● **DIRECTIONS FOR THIS TASK**: Please repeat the records below exactly, skipping any pictures.

(TASK INPUTS begins)

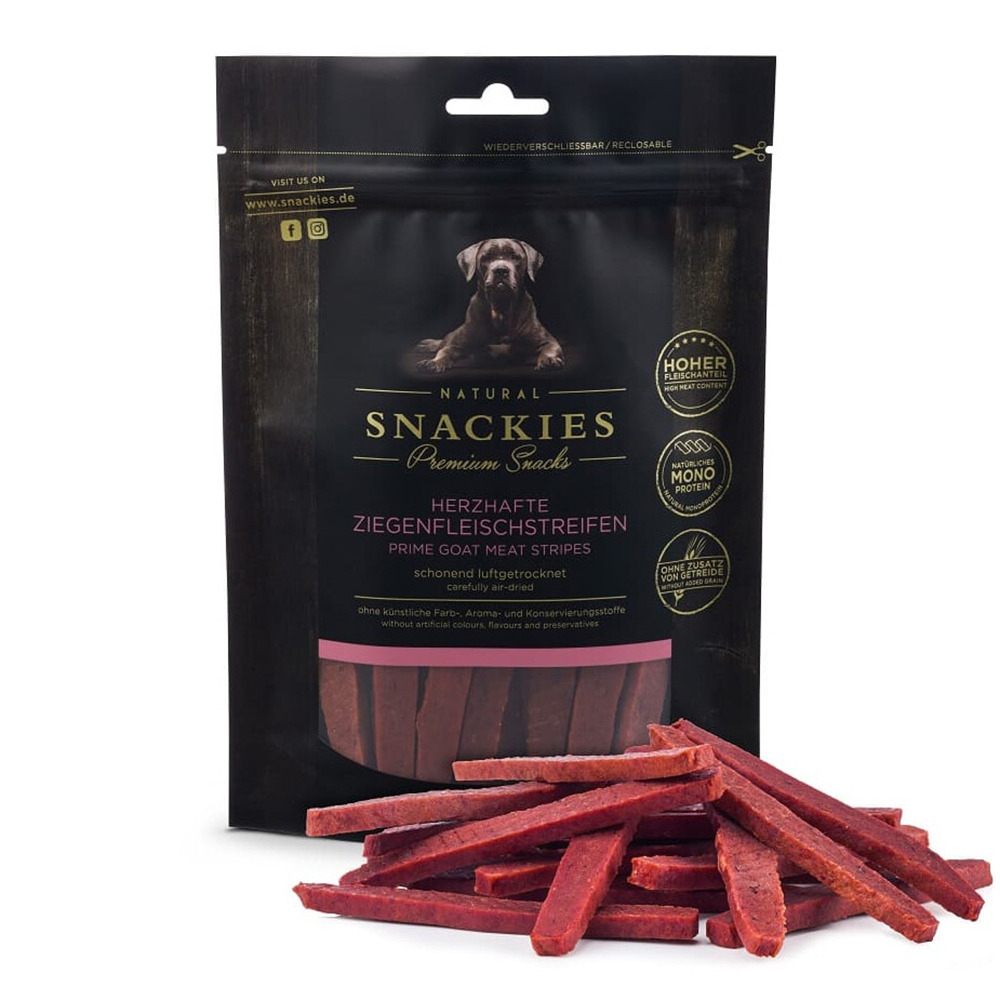 Ziegefleischstreifen, Hundesnacks, Leckerlis, Naturprodukt, Premium Snacks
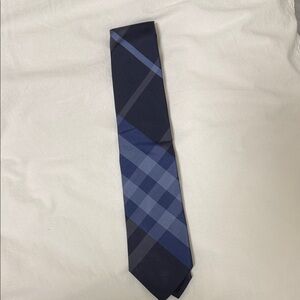 Burberry Navy and Blue Plaid Silk Tie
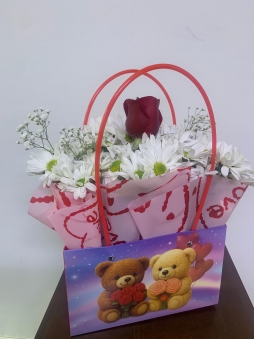 Çantada Tek Güllü Krizantem 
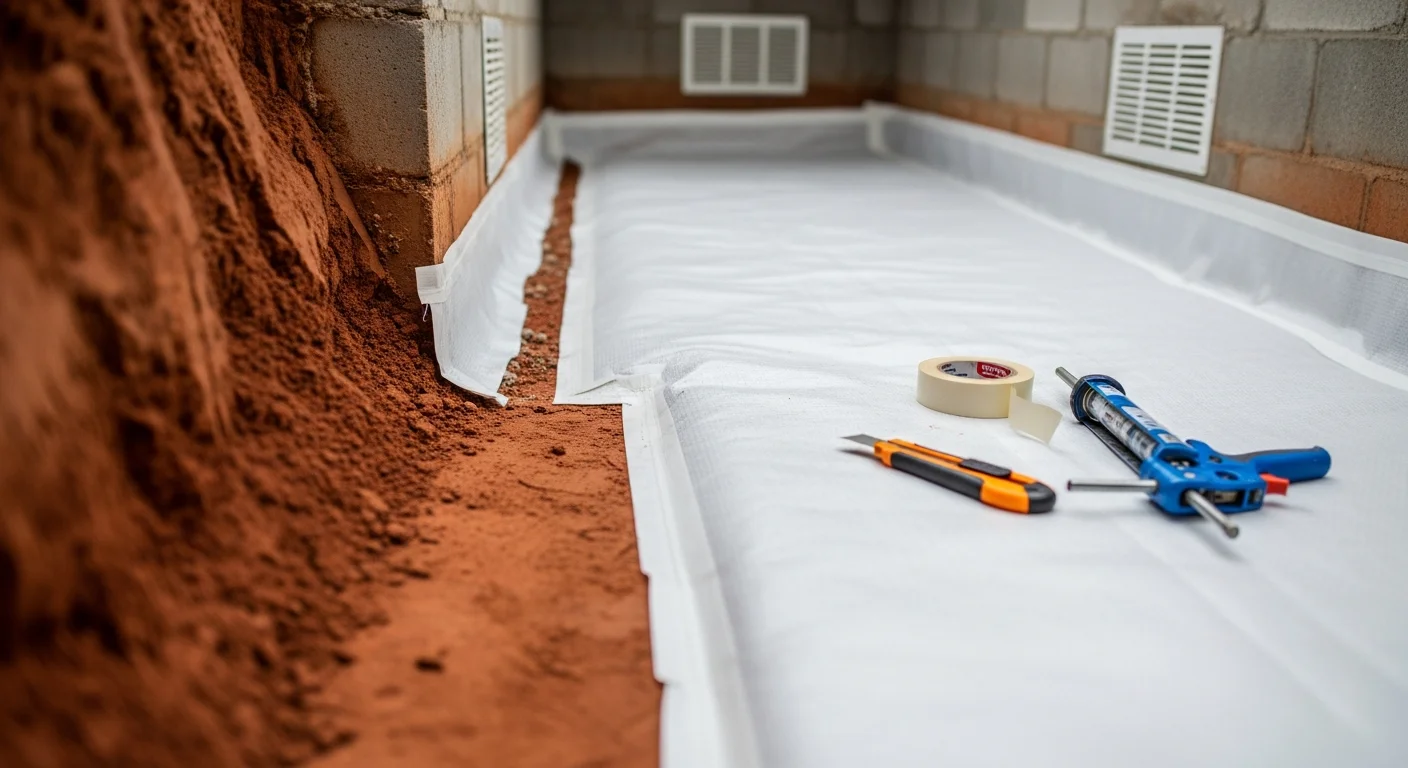 A sealed crawlspace beneath a Greensboro home with a white vapor barrier covering the dirt floor and foundation walls. The space is dry and clean with no visible mold or standing water.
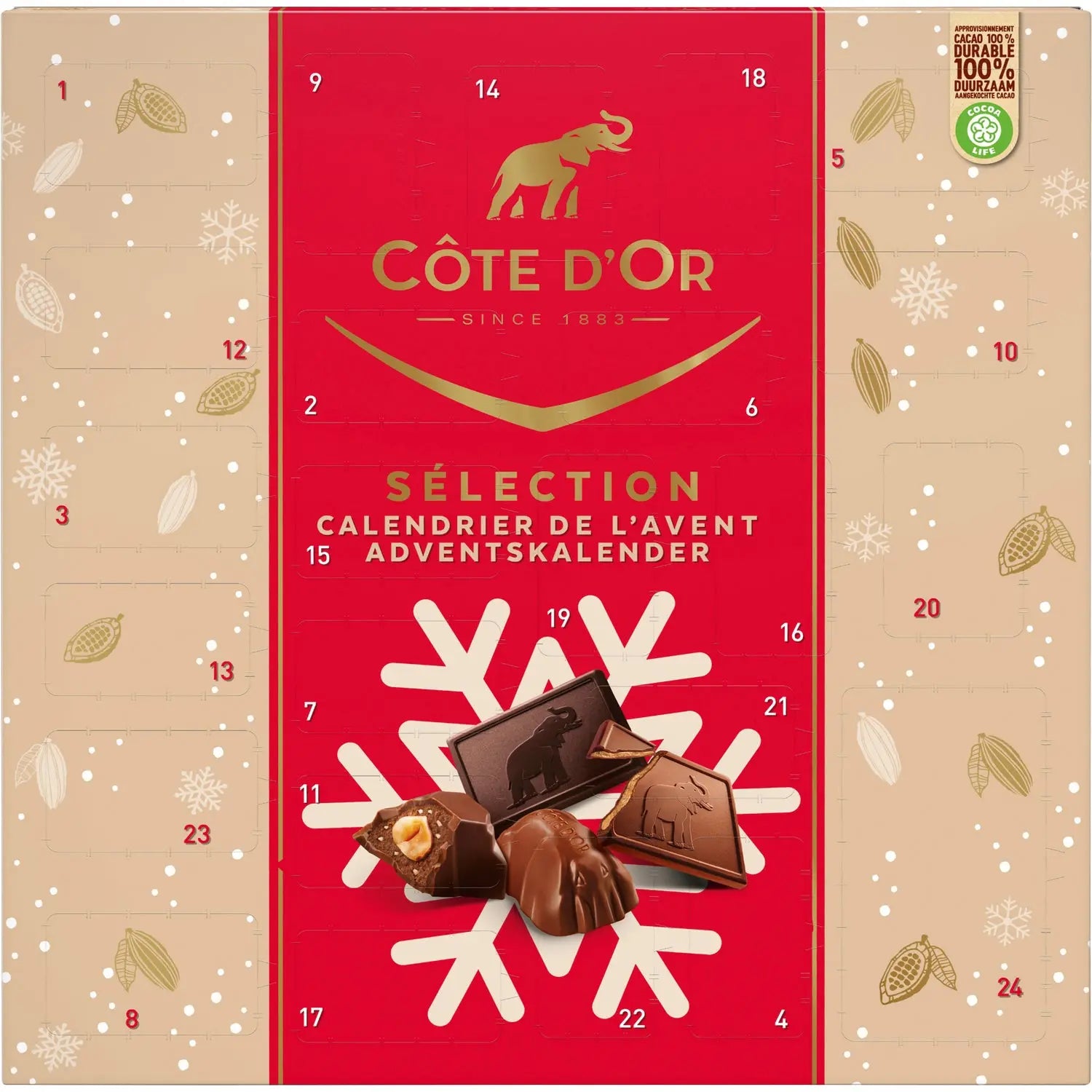 Cote d'Or advent calendar - contains Mignonettes, mini Bouchees and mini Rocs Jag Couture London - New York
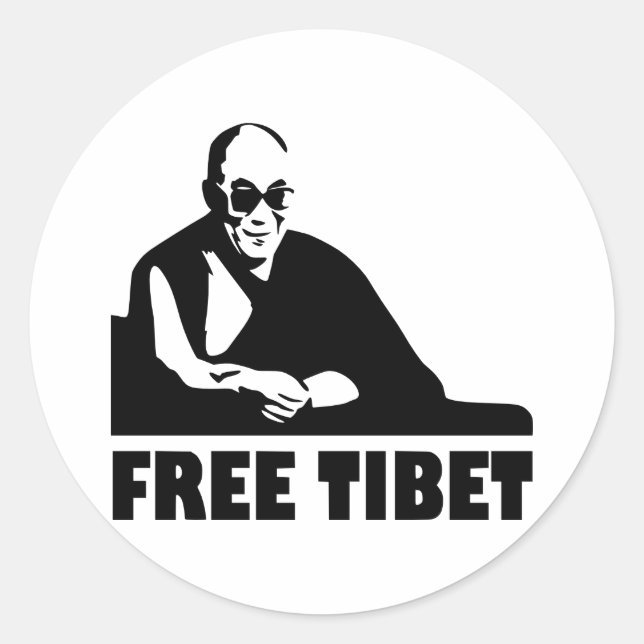 Fria Tibet Runt Klistermärke (Framsida)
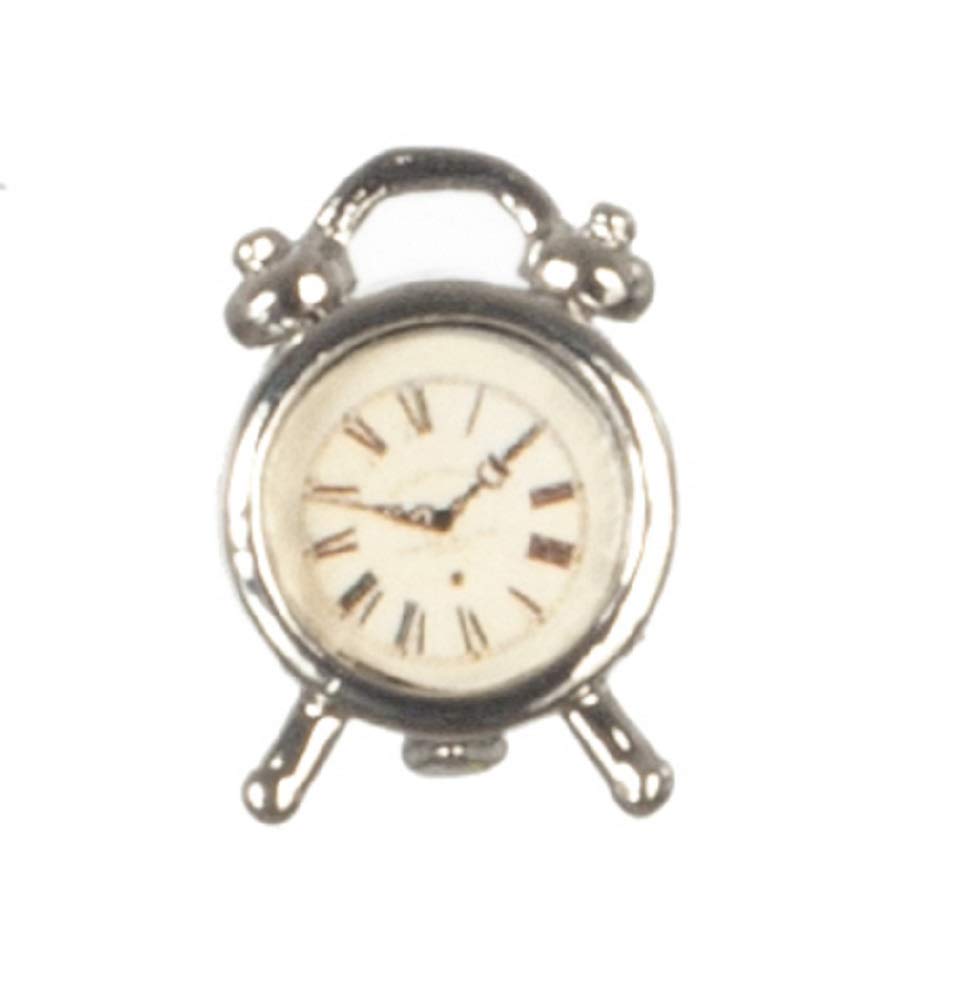 Aztec Imports Dollhouse Miniature 1:12 Scale Silver Alarm Clock #G7001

(TASK INPUTS ends)

● **TASK OUTPUT**:
 Ziegefleischstreifen, Hundesnacks, Leckerlis, Naturprodukt, Premium Snacks
 Burberry Navy and Blue Plaid Silk Tie
 Çantada Tek Güllü Krizantem 
 A sealed crawlspace beneath a Greensboro home with a white vapor barrier covering the dirt floor and foundation walls. The space is dry and clean with no visible mold or standing water.
 Cote d'Or advent calendar - contains Mignonettes, mini Bouchees and mini Rocs Jag Couture London - New York
 Fria Tibet Runt Klistermärke (Framsida)
 Aztec Imports Dollhouse Miniature 1:12 Scale Silver Alarm Clock #G7001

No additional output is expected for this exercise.